My question is whether a user is supposed to be able to pass the cache object to multiple CachedSessions instances that are running concurrently? If a single cache variable should be only used by a single CachedSession at a time, then that is fine, end of discussion. However, since SQLiteBackend uses aiosqlite, I thought that it should be fine having multiple instances. The below minimal example shows that it is not fine

import asyncio
from aiohttp_client_cache import CachedSession, SQLiteBackend

cache = SQLiteBackend(cache_name="./test_cache.sqlite")

async def task(n: int):
    url = f"https://httpbin.org/ip?count={n}"
    async with CachedSession(cache=cache) as session:
        return await session.get(url, ssl=False)
    
async def tasks(arr: list):
    tasks = [task(i) for i in arr]
    return await asyncio.gather(*tasks)


await tasks(list(range(100)))

It throws the following error

ProgrammingError: Cannot operate on a closed database.
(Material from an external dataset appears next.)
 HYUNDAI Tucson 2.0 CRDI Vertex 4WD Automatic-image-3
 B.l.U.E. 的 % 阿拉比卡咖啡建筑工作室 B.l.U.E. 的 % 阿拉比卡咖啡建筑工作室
agercas avatar Nov 06 '24 21:11 agercas

@agercas I have fixed your code and it works now with a single cache instance used by any amount of sessions:

import asyncio
from aiohttp_client_cache import CachedSession, SQLiteBackend

cache = SQLiteBackend(cache_name="./test_cache.sqlite")

async def task(n: int, session):
    url = f"https://httpbin.org/ip?count={n}"
    response = await session.get(url, ssl=False)
    print(response.headers)
    return response

async def tasks(sessions_count: int):
    sessions = [CachedSession(cache=cache) for _ in range(sessions_count)]
    tasks = [task(i, s) for i, s in zip(range(sessions_count), sessions)]
    responses = await asyncio.gather(*tasks)
    for s in sessions:
        await s.close()
    return responses

asyncio.run(tasks(1000))

Explanation

Exiting a CachedSession context manager leads to the closing the Cache object.

In your original code, you close CachedSession objects after a request, but you still have other unfinished/unclosed CachedSession objects that depend on the same Cache.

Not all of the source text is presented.